Şimdi ortalık söylentilerden geçilmiyor ve maalesef başkan da istifa ederken doyurucu açıklamalar yapmadığı için kargaşa devam ediyor. Beşiktaş kulübü başkanı gibi topluma ve camiaya mal olmuş bir kişi eğer ciddi bir sağlık problemi varsa bence detaya girmeden bunu açık açık söylemelidir. Çünkü aksi taktirde ‘kaçtı’ yargısı oluşuyor haklı olarak. Ama Türkiye çok ilginç bir ülke zira aynı siyasette olduğu gibi herkesin yaptığı hem yanına kar kalıyor hem de aradan biraz zaman geçince umut olarak tekrar ortaya çıkabiliyor ki bunların onlarca, yüzlerce örneği mevcuttur. Hesap verebilirlik olmadıkça da maalesef bu düzen değişmeyecektir.
Yıllardır dediğim gibi, İngiltere, Fransa, İtalya gibi ülkelerde bolca örneğini gördüğümüz kulüplerin yerli veya yabancı sermaye gruplarına satışı ve profesyonel yönetim anlayışıyla bundan daha kötü olmayacağımız bence aşikardır. Futbola duyulan ilgi ve sevgiyle başarının bu kadar ters orantılı olduğu başka bir ülke yok. Çaresi de biz taraftarların da tavlacı zihniyetinden çıkarak rakibi kızdırma ve dalga geçme işini ikinci plana atarak biraz daha satranç, hadi o da olmadı king oyuncusu zihniyetiyle stratejik düşünüp sabretmeyi öğrenmemiz.

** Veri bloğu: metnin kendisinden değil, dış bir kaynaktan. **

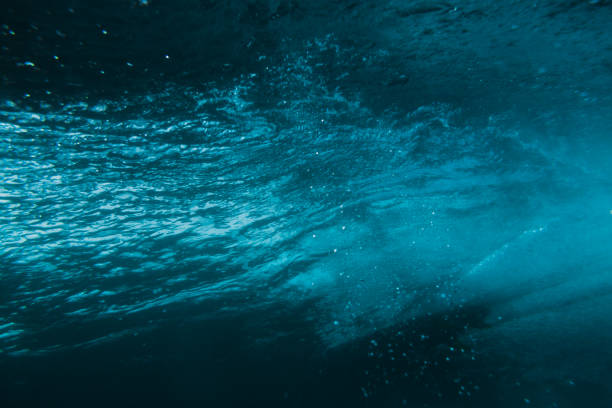istock Underwater barrel wave and surfer in tropical sea in Oahu. 983036824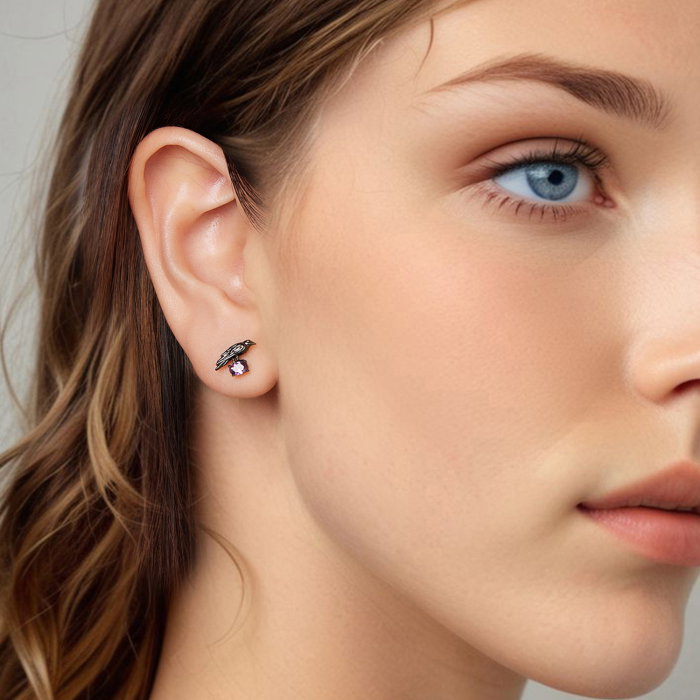 Cercei argint corb cu surub si Zirconia [6]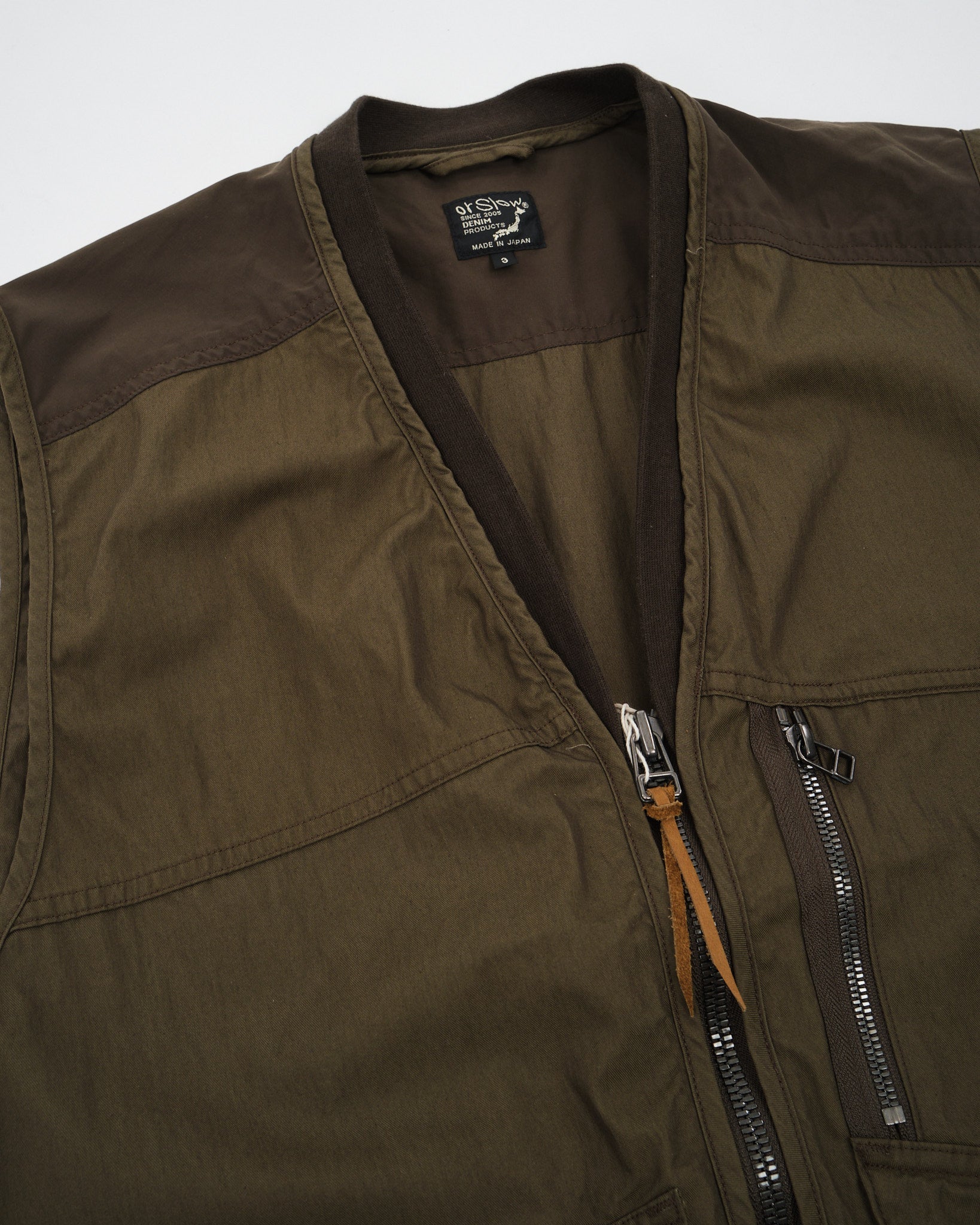 Cotton Nylon Utility Vest Army Green by orSlow - Meadow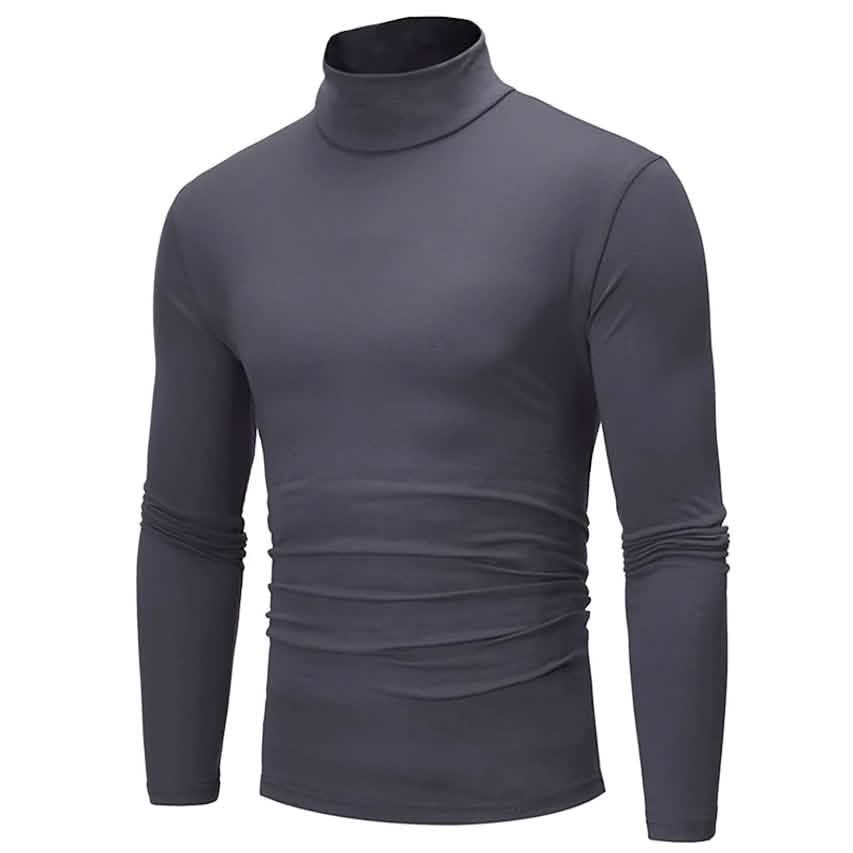 Herren unifarbenes T-Shirt, Thermorollenkragen, Langarm-Oberteil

Bu kadar büyük bir rantın döndüğü futbolda bunun kaymağını yemeye çalışan yönetici-menajer-spor basını şeytan üçgeni de geldiğimiz noktada büyük pay sahibi ama 51 yaşında anladım ki bazı şeyler sebep değil sonuçtur. Yani bizler toplum olarak nasıl siyaseten hak ettiğimiz şekilde yönetiliyorsak, futbolda da hak ettiğimiz yerdeyiz.
Toz duman biraz daha dağıldıktan sonra tabii kimse haksız olduğunu kabul etmeyecektir her zaman olduğu gibi ve biz bu renklere gönül verenler dezenformasyon ve bilgi kirliliği çağında kendi edindiğimiz doğru veya yanlış bilgiler ışığında birtakım çıkarımlar yapmak zorunda kalacağız. İşte tam da bu yüzden şeffaflık her alanda olduğu gibi futbolda da elzemdir! Maalesef ondan yana da çok umutlu olmak için neden yok çünkü siyasetin elini çekmeyi bırakın sımsıkı sarıldığı futbol ve 4 büyükler siyasetin arka bahçesi olmayı sürdürdükçe ülke ne kadar şeffaf yönetiliyorsa futbol da bundan nasibini alacaktır.
Not: Bu yazı Hatayspor maçından bağımsız olarak yazılmıştır ve tabii ki o maçın sonucunun bu saatten sonra hiçbir önemi yoktur, sadece sahada oynanan futbol ve oyuncularla hocanın sergileyeceği mücadele yakın gelecek hakkında bir nebze fikir verecektir.